To elucidate the relationship between the NO₂ concentration level and the land use of the surrounding area of a ground station, we conducted hierarchical clustering using Ward’s linkage criterion²¹ of the ground stations’ NO₂ concentration profiles over the period of 2019–2020. The clustering results are depicted in Fig. 2, in which the similarities of the NO₂ concentrations across the ground stations are presented. The lower the Euclidean distance is, the more similar the NO₂ concentration profiles of the two stations are. It is observed that land use is related to NO₂ concentrations at many stations, regardless of their geographical distance.

Figure 2.

Hierarchical clustering of the ground stations based on their NO₂ concentration profiles over the period of 2019–2020. The lower the Euclidean distance is, the more similar the NO₂ concentration profiles of the two stations are.

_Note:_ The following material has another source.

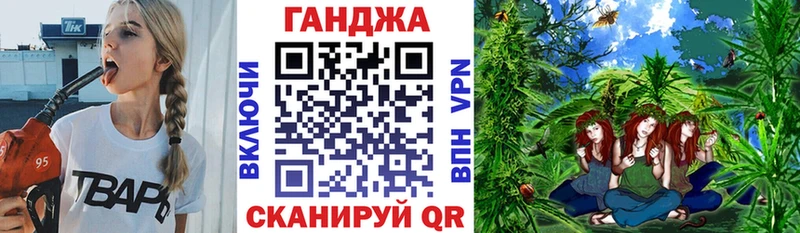 Магазин наркотиков Краснознаменск Марихуана  СК  МЕФ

It was observed that the NO₂ concentration profiles of Liwa (Station 10) and Al Quaa (Station 11), both located in rural areas, are very similar (with the lowest Euclidean distance). The profiles of Bida Zayed (Station 7), Sweihan (Station 12), and the Gayathi School (Station 8) are found to be clustered together, as they are all located in small towns (suburban background) with populations of approximately 29.1 thousand, 5.4 thousand, and 14.0 thousand, respectively. The concentration of NO2 in all schools (Stations 2, 3, and 4) that lie in the Abu Dhabi City Region (a large city with 1.5 million population) are in one cluster. Hamdan Street (Station 1, urban traffic in Abu Dhabi) and Al Mafraq (Station 6, suburban industrial in Abu Dhabi) also fall into one cluster even though the Euclidean distance between them is quite high. Located in downtown Abu Dhabi and an industrial area, these two stations exhibit the highest overall NO₂ concentration levels.

Morlet wavelet analysis

The Fourier transform translates signals from the temporal domain into the frequency domain, yet it does not localize the time of the frequency components. It is useful for studying stationary signals. Therefore, the short-time Fourier transform (STFT), which uses windowing to afford time localization to Fourier’s frequency, is developed to overcome the limitation of localizing the time. The STFT treats each segment of signals as a discrete portion of a stationary process by using a finite window function to specify the time windows and compare the signal with the known windowed function. There are many types of windowing functions, such as Gaussian curves, rectangular window functions, and triangular window functions. The fixed size of the windows creates a limitation in the resolutions for both time and frequency. Therefore, a high time resolution results in low frequency resolution, and vice versa; thus, an empirical test is needed for various window lengths to determine the most relevant among them^6,22.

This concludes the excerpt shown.